Sergide yer alan belgeler arasında Gizli Güvenlik Şefi Reinhard Heydrich’in Litvanya arşivlerinde ortaya çıkan anıları da bulunuyor. Wannsee Konferansı’nın gerçekleşmesinden birkaç gün sonra kaleme alınmış bu anılarda, Heydrich gerçekleştirmekle yükümlü olduğu "Yahudi sorununda nihai çözüm" kararından geniş bir şekilde söz ediyor.
Ayrıca emniyet güçlerinin ve Gestapo’nun Holokost’taki rolüne ilişkin belgeler Moskova’daki KGB arşivlerinden temin edildi.
Geçtiğimiz haftalarda gerçekleşen sergi açılışına Holokost kurtulanları, siyaset adamları, bazı Yahudi kuruluşlarının liderleri, İsrailli Tarihçi Yehuda Bauer ve Fransız Nazi avcıları Beate ve Serge Klarsfeld çifti katıldı. Bir Holokost kurtulanı olan André Chomand; "Burada neler olduğunu çocuklarıma ve torunlarıma anlatabilmek için Wannsee’ye gelmek benim için büyük önem taşıyordu" dedi. André Chomand’ın yayınladığı "Un Pere et son Fils dans les Camps Nazis" adlı kitabı Wannsee’nin konuklara açık kütüphanesinde satılıyor.
Beate Klarsfeld, bu türden eğitici mekanların Holokost inkarcılarına karşı bir siper işlevi gördüğünü belirtti.
Polonya Elçisi Andrzej Byrt yaptığı konuşmada İran Cumhurbaşkanı Ahmedinecad’ın Holokost inkarcılığı ve İsrail’in yok edilmesinin gerektiğine ilişkin söylemlerine değinerek; "İnsanlığın bu kişiyi durdurmak için bir şeyler yapması gerekir. Ne yapılması gerektiğini bilmiyorum ama hiçbir önlem almazsak içinden çıkılmaz durumlarda kalabiliriz" dedi. Almanya’nın değişen demografik yapısına uygun eğitim programları düzenleniyor.
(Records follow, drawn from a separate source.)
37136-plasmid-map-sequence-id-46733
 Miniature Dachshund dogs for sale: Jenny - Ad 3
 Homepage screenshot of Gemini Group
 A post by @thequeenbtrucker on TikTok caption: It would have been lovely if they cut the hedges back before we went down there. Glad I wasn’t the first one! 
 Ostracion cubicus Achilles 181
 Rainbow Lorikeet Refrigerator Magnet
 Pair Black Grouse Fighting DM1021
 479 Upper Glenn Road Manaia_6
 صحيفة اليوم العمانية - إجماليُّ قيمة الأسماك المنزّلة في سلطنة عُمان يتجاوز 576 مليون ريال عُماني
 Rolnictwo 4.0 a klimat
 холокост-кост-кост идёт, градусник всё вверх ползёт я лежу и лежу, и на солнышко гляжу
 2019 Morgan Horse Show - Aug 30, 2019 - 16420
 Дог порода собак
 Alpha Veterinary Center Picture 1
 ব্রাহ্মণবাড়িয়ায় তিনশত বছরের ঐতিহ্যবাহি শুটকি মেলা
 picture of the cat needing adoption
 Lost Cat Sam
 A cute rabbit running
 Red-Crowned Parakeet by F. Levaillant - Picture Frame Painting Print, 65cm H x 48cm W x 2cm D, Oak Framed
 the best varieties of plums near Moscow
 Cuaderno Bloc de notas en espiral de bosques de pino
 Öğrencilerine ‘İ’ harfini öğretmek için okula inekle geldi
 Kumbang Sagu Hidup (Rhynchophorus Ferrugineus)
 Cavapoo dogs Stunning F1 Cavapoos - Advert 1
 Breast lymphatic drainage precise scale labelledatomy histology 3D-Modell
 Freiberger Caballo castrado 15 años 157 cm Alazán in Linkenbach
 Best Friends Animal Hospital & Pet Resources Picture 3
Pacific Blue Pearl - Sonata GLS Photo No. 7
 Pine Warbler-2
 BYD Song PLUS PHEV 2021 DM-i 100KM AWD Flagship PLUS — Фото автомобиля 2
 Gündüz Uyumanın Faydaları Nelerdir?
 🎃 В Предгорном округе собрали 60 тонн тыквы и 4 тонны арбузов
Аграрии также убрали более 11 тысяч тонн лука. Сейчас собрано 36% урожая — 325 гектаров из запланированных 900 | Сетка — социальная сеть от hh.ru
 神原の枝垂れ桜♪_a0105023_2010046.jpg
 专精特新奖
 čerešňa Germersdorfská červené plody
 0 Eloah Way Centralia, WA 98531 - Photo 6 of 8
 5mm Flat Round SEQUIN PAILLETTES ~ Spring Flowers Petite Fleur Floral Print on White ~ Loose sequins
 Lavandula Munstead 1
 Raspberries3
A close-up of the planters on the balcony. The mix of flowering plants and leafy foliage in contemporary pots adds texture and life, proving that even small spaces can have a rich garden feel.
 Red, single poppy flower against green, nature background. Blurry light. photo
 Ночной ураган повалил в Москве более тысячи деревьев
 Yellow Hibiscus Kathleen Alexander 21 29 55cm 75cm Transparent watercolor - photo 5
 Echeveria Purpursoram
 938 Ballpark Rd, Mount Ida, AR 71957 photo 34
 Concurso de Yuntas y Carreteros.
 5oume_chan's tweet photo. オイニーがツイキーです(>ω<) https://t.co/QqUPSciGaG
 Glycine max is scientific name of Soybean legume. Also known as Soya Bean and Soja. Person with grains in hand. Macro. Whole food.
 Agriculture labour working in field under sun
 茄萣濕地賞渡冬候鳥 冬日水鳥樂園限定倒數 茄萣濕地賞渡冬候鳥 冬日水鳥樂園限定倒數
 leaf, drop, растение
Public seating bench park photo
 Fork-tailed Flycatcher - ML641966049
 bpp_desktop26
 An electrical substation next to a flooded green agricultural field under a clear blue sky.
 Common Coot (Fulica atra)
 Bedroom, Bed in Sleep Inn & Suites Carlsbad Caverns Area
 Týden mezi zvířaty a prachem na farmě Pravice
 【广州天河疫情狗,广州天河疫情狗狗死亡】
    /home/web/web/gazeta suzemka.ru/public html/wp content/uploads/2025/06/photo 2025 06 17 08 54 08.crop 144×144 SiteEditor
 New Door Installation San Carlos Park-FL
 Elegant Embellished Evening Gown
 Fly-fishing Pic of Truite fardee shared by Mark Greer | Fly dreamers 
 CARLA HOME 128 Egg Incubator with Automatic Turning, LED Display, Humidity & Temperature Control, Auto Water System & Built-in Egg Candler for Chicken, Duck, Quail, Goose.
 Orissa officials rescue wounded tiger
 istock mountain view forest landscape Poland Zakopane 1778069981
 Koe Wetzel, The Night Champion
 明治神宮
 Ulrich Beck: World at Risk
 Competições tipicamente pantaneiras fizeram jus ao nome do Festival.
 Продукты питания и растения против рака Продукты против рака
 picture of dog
Pedagoji uzmanı Wolf Kaiser bu konuda şöyle bilgi veriyor: "Örneğin Almanya’daki Türk kökenli öğrenciler, kamplara gönderilen Türkiyeli Yahudilere ilişkin belgeleri gördüklerinde bu tarih ile özdeşleşiyor, kendi tarihlerinin de bir parçası olduğu izlenimini ediniyorlar."
Açılış töreninde bir konuşma yapan İsrailli Tarihçi Yehuda Bauer, Holokost’un Wannsee Konferansı’nda planlanmadığına değinerek, "Holokost kararı önceden verilmişti, sadece ayrıntılara ilişkin kararlar alındı" dedi.